* [DATA FOR THE TASK]:
────────────────────

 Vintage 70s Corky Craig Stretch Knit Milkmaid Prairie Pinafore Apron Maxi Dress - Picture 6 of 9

────────────────────

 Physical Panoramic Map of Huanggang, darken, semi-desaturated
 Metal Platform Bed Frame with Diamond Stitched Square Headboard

────────────────────

In the entries above, restate word for word the lines between the one holding "Physical Panoramic Map" and the one holding "Metal Platform Bed", inclusive, and nothing besides.

* [TASK OUTPUT]:
 Physical Panoramic Map of Huanggang, darken, semi-desaturated
 Metal Platform Bed Frame with Diamond Stitched Square Headboard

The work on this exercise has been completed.